While fat is a ready source of energy for bone cells, too much of it can inhibit bone cell formation. The scientists aren’t sure whether the cells are no longer using fat well or if they are pulling in more fat, or both; they do know that fat accumulating in bone cells corresponds with less bone being made, she emphasizes.
“We’re trying to figure out exactly why these things are going wrong so that we can choose the best treatment strategy,” she says. There is a lot of evidence in people that synthetic glucocorticoids, which we take by pill or injection, can have an effect on bone, creating an unhealthy imbalance between the amount of bone made and the amount broken down.
A focus of MCG research has been examining the bone impact of our endogenous glucocorticoids, which we produce, a less-explored area.

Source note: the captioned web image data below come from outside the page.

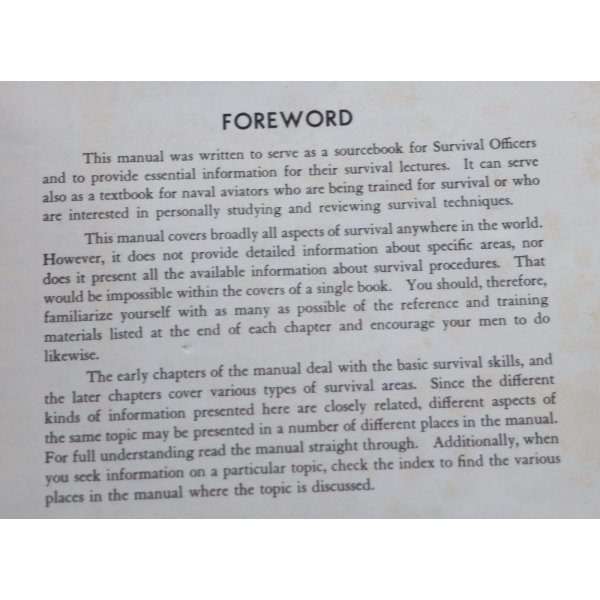 画像6: 米軍 米海軍サバイバル訓練マニュアル (6)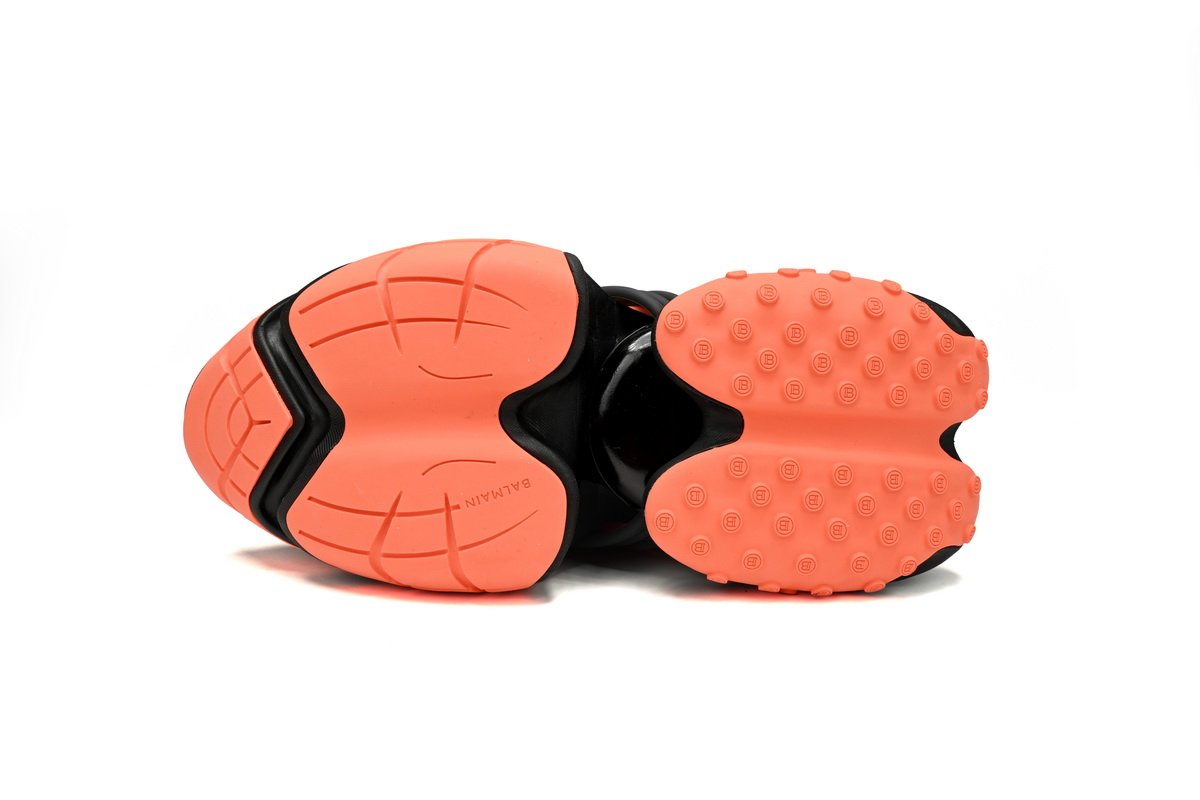 BALMAIN Multikolor Buty sportowe Black orange YM1VJ309 - Image 6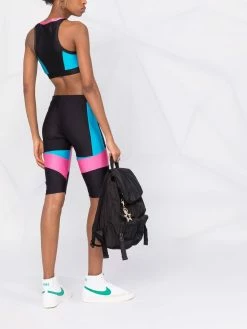 Chiara Ferragni logo-patch panelled cycling shorts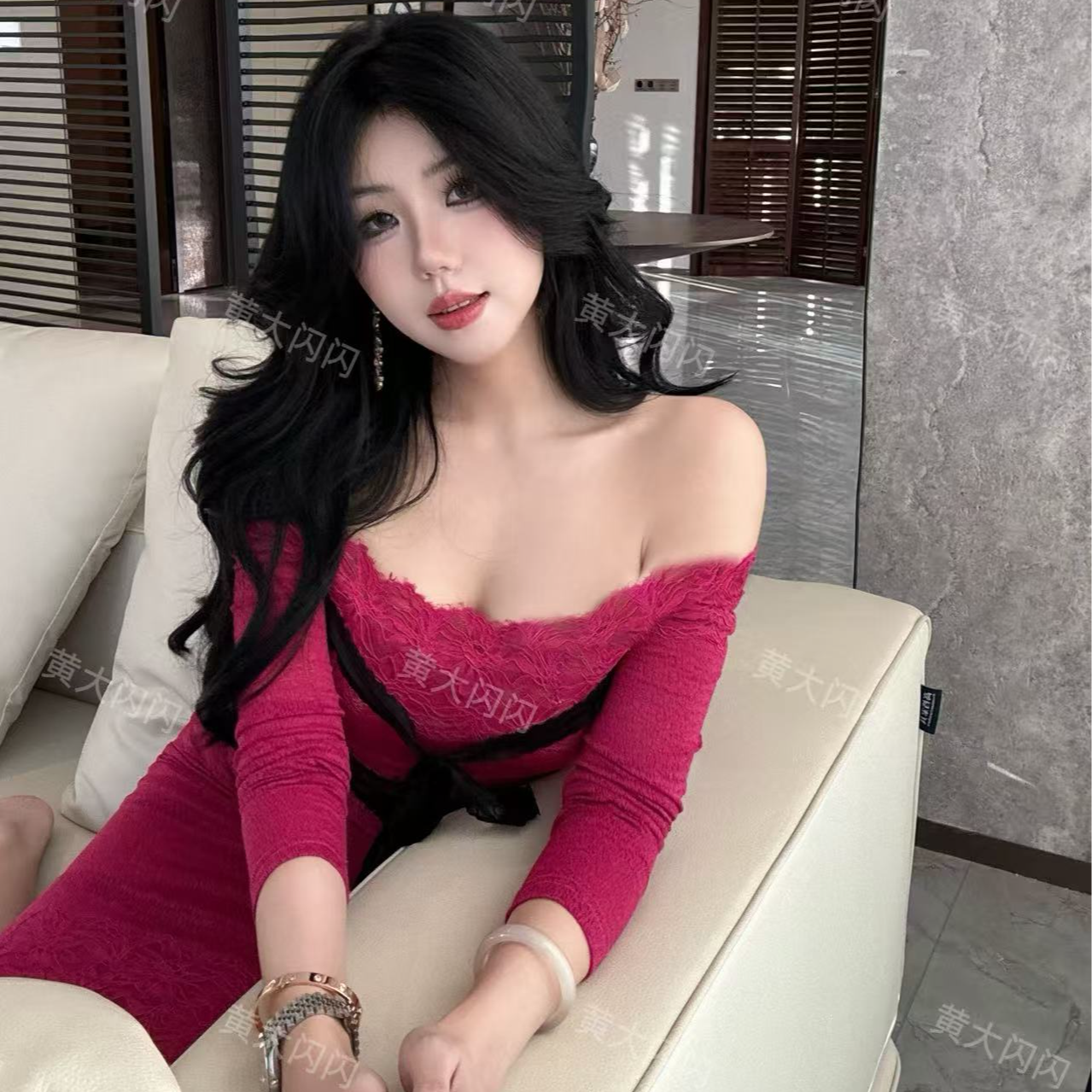 【HDSS】(小礼物)随拍秋款纯欲性感显瘦修身定制连衣裙ZZQ5603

McGee-Lawrence and her colleagues have been studying bone-forming osteoblasts for years, which, like most cells, do not function optimally as we age. However, it is possible that even synthetic glucocorticoids work through these alternative receptors to damage the bone, which means that attempting to prevent their damage may require a different target, she says, noting that the pathway may change as the person ages.
Interestingly, some other tissues known to have a high density of mineralocorticoid receptors inactivate glucocorticoids, which bone cannot do, but she speculates that it compensates by having a low density of mineralocorticoid receptors, at least in youth.
Both glucocorticoids and mineralocorticoids are produced by the adrenal gland, and their production becomes less well-regulated as we age.